How quickly do major changes and new disruptions come to pass in twenty-first-century information technology? I think of these changes like the tectonic plates of geology because they can be huge and obvious, like an earthquake, but they are often subtle. Suppose as a chief information officer (CIO) you are given the task of preparing the company for an event that will occur four years in the future. This may be difficult to imagine for most executives who have major deliverables on a week-to-week or month-to-month basis, but that’s what this book is about—the fact that massive shifts are taking place in your business IT landscape very quickly that have short- and long-term consequences for your company’s bottom line and the strategies that make or break it. More often than not, these changes are subtle, but it is important to pick up on this subtlety and to determine how these changes might have an impact on your company either as an opportunity or as a threat. Either you will recognize them, or perhaps a competitor will before you do, and seize an advantage.
Large companies, especially publicly traded ones and yours perhaps as well, are understandably sensitive to quarterly reporting, as they must share progress or lack thereof quarter-by-quarter with analysts and shareholders. Quarterly plans are almost by definition more tactical than strategic. Unfortunately, many companies myopically use these as their primary planning function. Others extend them to an annual plan without ample consideration for the time period beyond the year ahead, which is still myopic and does not lend itself well to creative, innovative thinking—especially for IT departments whose technology has become so central to corporate activity today that they can only be truly successful if they can be both nimble and aware of the future. A further-looking, visionary strategic mind-set is the hallmark of World Class IT.
For a moment let’s grant ourselves the luxury of an event for which we have four (“long”) years to prepare. Let’s put ourselves in the shoes of Gerry Pennell, CIO of the London 2012 Summer Olympics. What can we learn from his challenge and response about what CIOs need to be thinking? We’ll follow his case through much of this chapter.

IT’s Gold Medal

In November of 2008, Gerry Pennell became CIO for the ultimate world sporting and cultural event, the Olympic Games, whose cauldron would be lit by the Olympic torch in London on July 27, 2012, and burn for a fortnight. The Beijing Olympics had recently concluded, and he stared down the road at nearly four years of planning and execution as part of the event’s top organizing committee. The scale of what he had to pull off coupled with the high bar set by the example of Beijing were motivation enough for Pennell to assemble a team, and to begin to set a plan. But his early steps were complicated by the fact that the strategic plans for the other functions the committee oversaw were in their nascent stages at best. To Pennell, that meant setting a direction for the technological approach to the Games that would still be malleable enough to change as he engaged further with his fellow committee leaders.
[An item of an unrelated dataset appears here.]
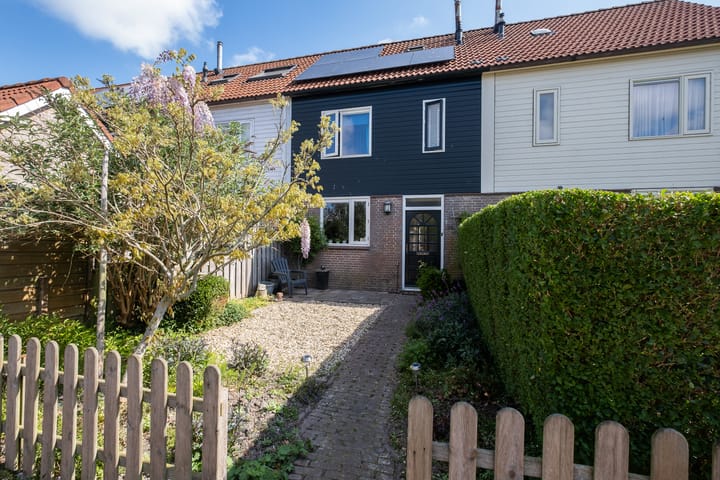 Foto 1 van Kievitlaan 34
He couldn’t wait for them to get started.
Pennell’s decision to forge ahead in planning without complete guidance from his peers stands in contrast to how a lot of CIOs act in the absence of concrete plans from the corporation of which they are a part. Too many of them match inaction with inaction, rather than proceeding with IT’s own vision of where the company will be several years out and information technology’s role in realizing that vision. Given the long-term nature of so many IT investments, often with multiyear depreciation or amortization schedules, it behooves IT to take the initiative in pushing the rest of the organization to develop clear, well-articulated plans, and, in the absence of those, to set the example for the rest of the corporation by doing so itself.
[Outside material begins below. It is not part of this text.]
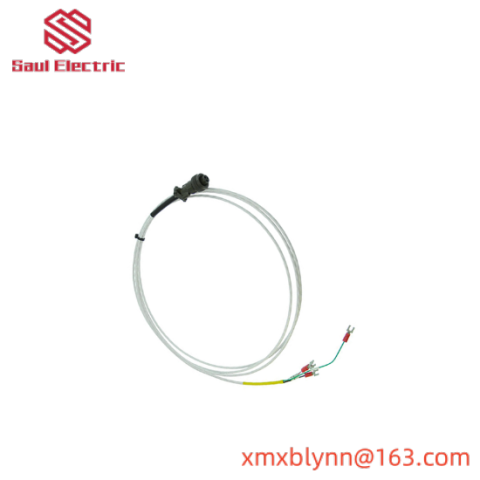 Bently Nevada 16710-32 Interconnect Cable; Manufacturer: bently-nevada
In Pennell’s case, the four-year time horizon forced him to think more than the average CIO not just about strategic flexibility but also about shifts in the “techtonic” plates in a four-year period. In any given quarter, business-changing innovations may not be readily apparent. An IT leader must possess skills and perhaps staff related to research and development, so that he or she remains abreast of these innovations in order to evaluate the potential value that using them would bring the company. This means, for example, not only noticing a new product launch from a well-known company but also not letting creative new products or services launched by small, less well-known companies pass under the radar. Reflecting back on the time period between the 2008 and 2012 Summer Olympics, it is interesting to think of the number of now-pervasive technologies that either were in their infancy or did not exist in that interval:
  • In 2008 the iPhone, which brought apps to the forefront for consumers and later for companies, was only a year old, and Apple had sold less than ten million phones worldwide. By contrast, in each of the first two quarters of 2012, more than thirty million iPhones sold worldwide.1
  • Twitter gained prominence at the South by Southwest conference in 2007, but it was not the force to be reckoned with that it would be in 2012.
  • Facebook surpassed MySpace in traffic only in April of 2008.
  • Although the term cloud computing already had been coined, the concept was still in the early stages of development and practice.
  • The first iPad would not be introduced until April of 2010.
It is worth mentioning that most aspects of social media were not officially permitted at the 2008 games or in China in general, and as of this writing, one still cannot use Facebook or Twitter in that country. Therefore, Pennell could not translate the technology blueprint from Beijing to London any more than he could translate its Mandarin to English.
Many IT executives assume that previously developed IT plans are more sustainable than they really are. The problem is the quick emergence of soon-to-be-indispensable technologies. Depending on plans whose assumptions are no longer valid, largely operating on assumptions made in the past, is bad business, clearly. IT executives need to be serious about their research and development role, asking themselves questions such as
  • What technologies have just emerged that neither you nor your competitors have thought much about that will become critical technologies tomorrow or next year?
  • Do you have someone on your team investigating them?
  • Is there a part of your IT strategy that makes space for such investigation?
  • Do you have ties to the venture capital community, the start-up community, or both, so that you can develop shortcuts to these insights?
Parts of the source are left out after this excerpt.